In this atmosphere, a recent New York Democratic Committee mailer — meant to motivate the indifferent — creates a tricky test of political marketing at a time of intensifying competition for attention of all kinds. This one, as vividly described in a Newsday story on Monday, is stamped as a “Notice” with the flip side listing whether the voter cast ballots in each of the past three years.

And it adds the message: “We will update your voting record after Election Day after confirming whether you voted.”

Depending how you wish to read it — or let your imagination run — the notice could sound like a warning that your magazine subscription or driver’s license is about to expire, or a dunning notice that you’re late on your membership dues, even though parties don't have them.

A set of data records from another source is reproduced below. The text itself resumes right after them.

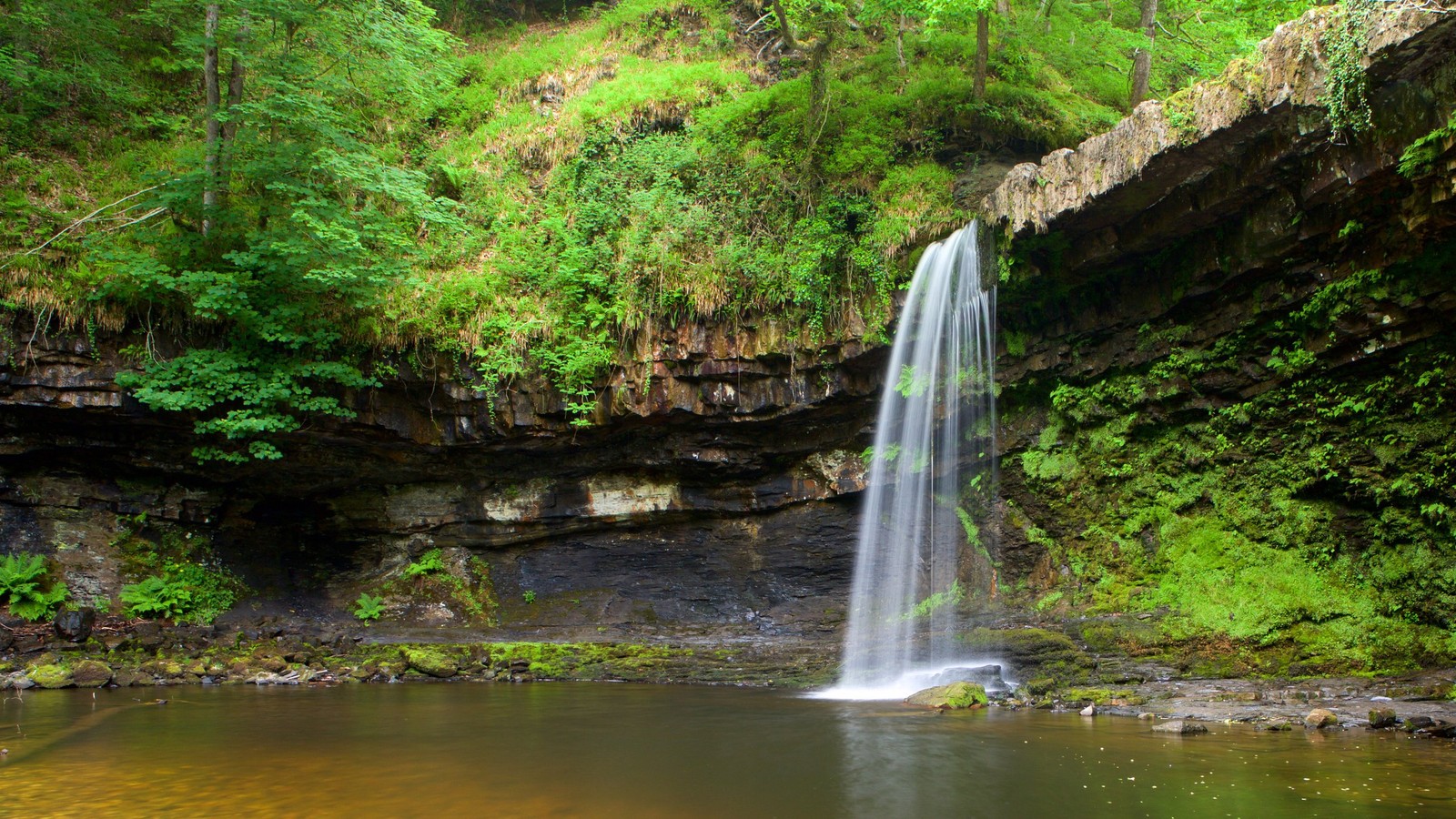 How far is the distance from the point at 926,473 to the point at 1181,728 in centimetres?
646

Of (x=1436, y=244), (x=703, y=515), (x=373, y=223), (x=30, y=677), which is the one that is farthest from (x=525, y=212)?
(x=1436, y=244)

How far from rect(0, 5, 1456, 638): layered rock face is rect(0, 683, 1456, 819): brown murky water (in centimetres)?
536

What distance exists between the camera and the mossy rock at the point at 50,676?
11.2 metres

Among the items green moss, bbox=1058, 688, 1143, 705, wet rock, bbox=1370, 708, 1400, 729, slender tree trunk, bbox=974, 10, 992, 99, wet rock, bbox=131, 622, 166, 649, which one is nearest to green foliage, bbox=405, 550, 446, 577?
wet rock, bbox=131, 622, 166, 649

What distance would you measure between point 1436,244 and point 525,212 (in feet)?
50.0

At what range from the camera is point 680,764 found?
689cm

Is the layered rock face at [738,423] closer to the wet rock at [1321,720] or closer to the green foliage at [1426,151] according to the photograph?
the green foliage at [1426,151]

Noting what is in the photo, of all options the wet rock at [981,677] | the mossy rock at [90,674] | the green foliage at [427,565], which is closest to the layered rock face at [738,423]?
the green foliage at [427,565]

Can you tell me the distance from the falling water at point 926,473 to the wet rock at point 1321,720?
489cm

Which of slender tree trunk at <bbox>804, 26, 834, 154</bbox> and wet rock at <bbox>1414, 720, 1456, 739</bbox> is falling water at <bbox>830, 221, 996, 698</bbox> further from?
wet rock at <bbox>1414, 720, 1456, 739</bbox>

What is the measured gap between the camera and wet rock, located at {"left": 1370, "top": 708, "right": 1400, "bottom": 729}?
7.55 m

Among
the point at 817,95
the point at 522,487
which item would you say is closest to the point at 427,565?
the point at 522,487

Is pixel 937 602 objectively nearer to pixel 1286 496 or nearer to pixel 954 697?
pixel 954 697

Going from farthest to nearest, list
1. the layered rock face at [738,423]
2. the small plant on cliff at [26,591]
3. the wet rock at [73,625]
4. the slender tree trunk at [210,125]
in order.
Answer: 1. the slender tree trunk at [210,125]
2. the small plant on cliff at [26,591]
3. the wet rock at [73,625]
4. the layered rock face at [738,423] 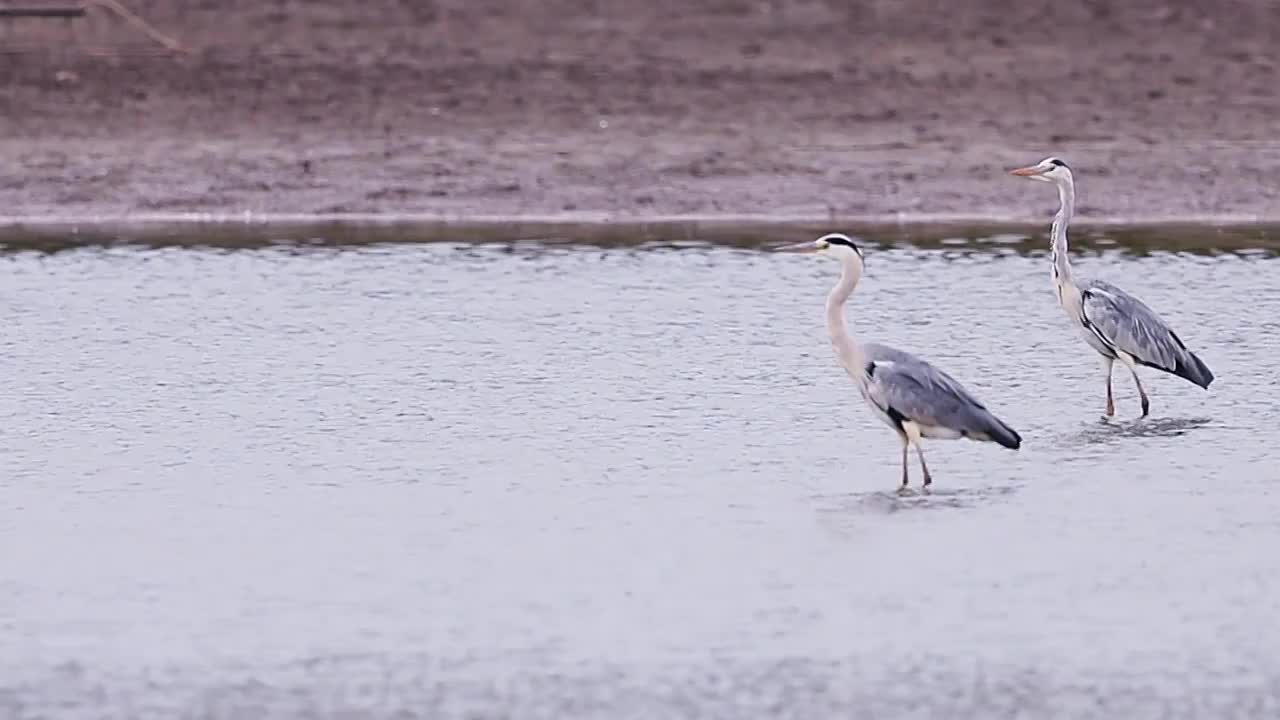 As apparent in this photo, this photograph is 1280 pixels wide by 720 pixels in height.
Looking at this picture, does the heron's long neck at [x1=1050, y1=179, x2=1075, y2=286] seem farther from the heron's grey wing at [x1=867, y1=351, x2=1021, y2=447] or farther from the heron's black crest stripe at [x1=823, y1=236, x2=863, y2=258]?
the heron's grey wing at [x1=867, y1=351, x2=1021, y2=447]

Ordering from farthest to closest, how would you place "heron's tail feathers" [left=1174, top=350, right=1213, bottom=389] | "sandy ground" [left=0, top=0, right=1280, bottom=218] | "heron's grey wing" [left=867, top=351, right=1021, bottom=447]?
"sandy ground" [left=0, top=0, right=1280, bottom=218], "heron's tail feathers" [left=1174, top=350, right=1213, bottom=389], "heron's grey wing" [left=867, top=351, right=1021, bottom=447]

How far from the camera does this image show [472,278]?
1467cm

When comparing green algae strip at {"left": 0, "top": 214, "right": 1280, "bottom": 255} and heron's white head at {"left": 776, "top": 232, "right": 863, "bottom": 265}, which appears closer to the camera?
heron's white head at {"left": 776, "top": 232, "right": 863, "bottom": 265}

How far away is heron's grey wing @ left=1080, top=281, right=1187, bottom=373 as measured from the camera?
11.0 meters

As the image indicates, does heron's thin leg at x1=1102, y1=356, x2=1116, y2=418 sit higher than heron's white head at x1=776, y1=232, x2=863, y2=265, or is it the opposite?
heron's white head at x1=776, y1=232, x2=863, y2=265

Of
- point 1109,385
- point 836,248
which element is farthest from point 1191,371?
point 836,248

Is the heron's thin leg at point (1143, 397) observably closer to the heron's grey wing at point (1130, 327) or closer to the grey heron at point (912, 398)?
the heron's grey wing at point (1130, 327)

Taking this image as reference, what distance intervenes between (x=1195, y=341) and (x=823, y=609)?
17.5 ft

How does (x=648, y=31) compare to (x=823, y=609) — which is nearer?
(x=823, y=609)

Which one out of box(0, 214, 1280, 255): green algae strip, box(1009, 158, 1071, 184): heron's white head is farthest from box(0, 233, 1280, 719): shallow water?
box(0, 214, 1280, 255): green algae strip

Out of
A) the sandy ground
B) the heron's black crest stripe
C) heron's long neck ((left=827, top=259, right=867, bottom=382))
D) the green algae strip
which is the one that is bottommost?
the green algae strip

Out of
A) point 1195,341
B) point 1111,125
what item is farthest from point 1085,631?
point 1111,125

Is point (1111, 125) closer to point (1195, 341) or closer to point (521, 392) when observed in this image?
point (1195, 341)

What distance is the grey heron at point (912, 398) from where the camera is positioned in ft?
31.0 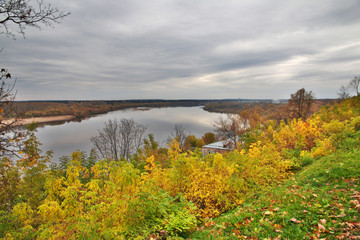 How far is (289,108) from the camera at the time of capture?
2594 cm

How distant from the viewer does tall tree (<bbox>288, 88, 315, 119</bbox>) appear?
23.1 meters

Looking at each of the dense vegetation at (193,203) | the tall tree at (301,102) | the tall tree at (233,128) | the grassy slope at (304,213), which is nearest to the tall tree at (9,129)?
the dense vegetation at (193,203)

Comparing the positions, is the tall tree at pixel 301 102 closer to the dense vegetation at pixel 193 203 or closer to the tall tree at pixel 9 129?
the dense vegetation at pixel 193 203

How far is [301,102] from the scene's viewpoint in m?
23.5

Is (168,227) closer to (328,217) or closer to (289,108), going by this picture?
(328,217)

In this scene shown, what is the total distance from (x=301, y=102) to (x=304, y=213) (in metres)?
23.8

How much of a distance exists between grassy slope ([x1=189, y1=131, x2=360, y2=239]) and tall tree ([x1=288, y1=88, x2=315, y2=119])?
20.6 m

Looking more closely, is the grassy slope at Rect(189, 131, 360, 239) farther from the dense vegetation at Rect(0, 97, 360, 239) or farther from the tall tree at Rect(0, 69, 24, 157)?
the tall tree at Rect(0, 69, 24, 157)

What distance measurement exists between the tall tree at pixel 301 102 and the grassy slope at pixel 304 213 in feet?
67.7

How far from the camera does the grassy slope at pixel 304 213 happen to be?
321 cm

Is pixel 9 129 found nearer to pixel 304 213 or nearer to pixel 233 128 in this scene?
pixel 304 213

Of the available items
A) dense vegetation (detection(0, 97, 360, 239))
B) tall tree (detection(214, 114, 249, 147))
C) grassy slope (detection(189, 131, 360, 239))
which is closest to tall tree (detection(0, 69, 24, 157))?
dense vegetation (detection(0, 97, 360, 239))

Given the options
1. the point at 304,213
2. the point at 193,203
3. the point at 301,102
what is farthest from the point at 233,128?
the point at 304,213

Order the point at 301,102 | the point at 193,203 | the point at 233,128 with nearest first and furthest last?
the point at 193,203 → the point at 301,102 → the point at 233,128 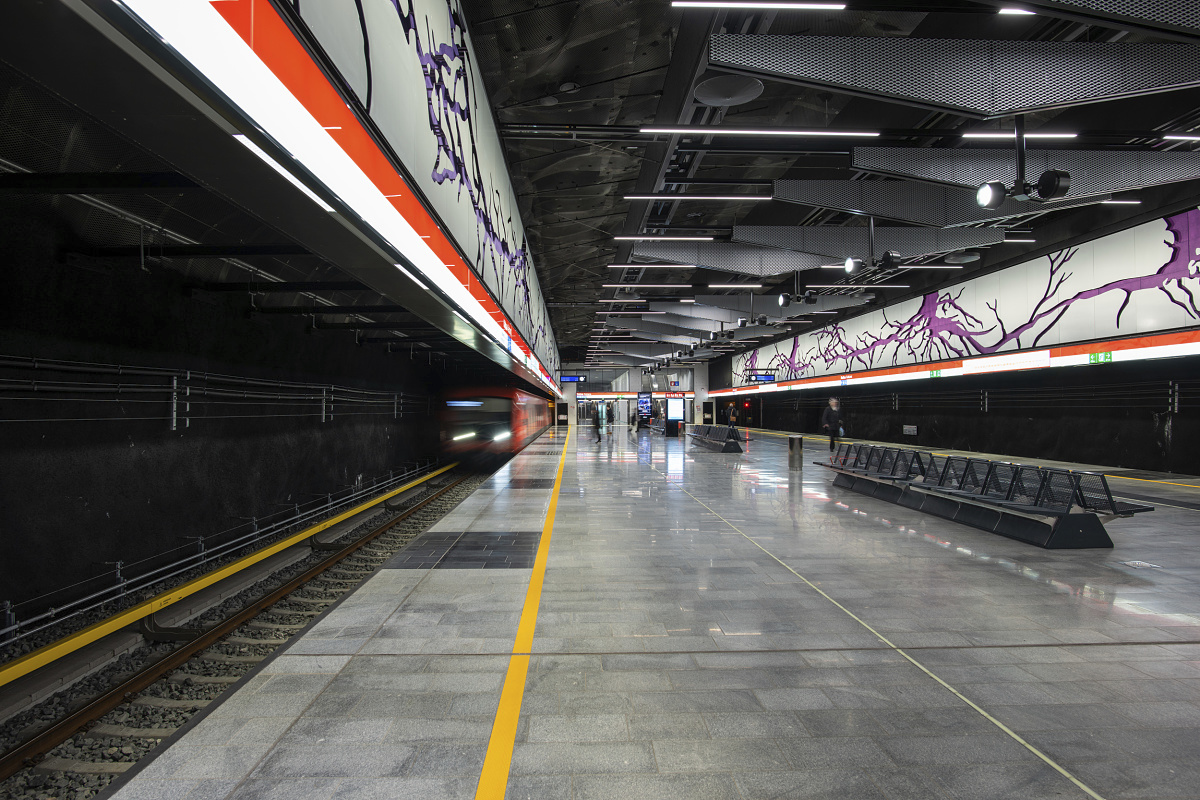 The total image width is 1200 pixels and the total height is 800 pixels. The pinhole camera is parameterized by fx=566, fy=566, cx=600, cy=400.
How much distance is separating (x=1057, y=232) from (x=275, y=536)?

And it undoubtedly freaks out some people in an age of wariness and compromised privacy that someone would “keep track” or “check up” on an average citizen’s voting records. Sometimes people forget or do not know that whether you voted is a matter of easily accessed public record.

Those records have always been open, well before the recent revolution in information technology. That makes it a bit of hyperbole to call this “intimidation” by “Big Brother” — the cliché to which some minds instantly run.

Still, state and Nassau Democratic chairman Jay Jacobs said, “I can see why some people may find that somewhat intimidating, but it was not meant to be.” But he has reason to believe it helps turnout to a degree.

A 2008 study in the American Political Science Review talks about “shaming” and “social norms” in discussing the social pressure to vote, and in notices such as these. The social scientists Alan S. Gerber, Donald P. Green, and Christopher W. Larimer conclude: “Although we are not advocates of shaming tactics or policies, their cost-effectiveness makes them an inevitable development in political campaign craft.”

Of more concern in the long run is what you might call rhetorical inflation by both major parties. Fundraising notices warn of apocalyptic consequences for the nation, the earth, and humankind if you don’t send a modest amount of cash right now to the candidate whose marketing research suggests you would fear the “other side” winning.

This tendency to “sell-sell-sell” and “frighten-frighten-frighten” gets so heated in today’s political races that a get-out-the-vote prod, or nag, or poke from your party organization seems relatively benign.

Columnist Dan Janison's opinions are his own.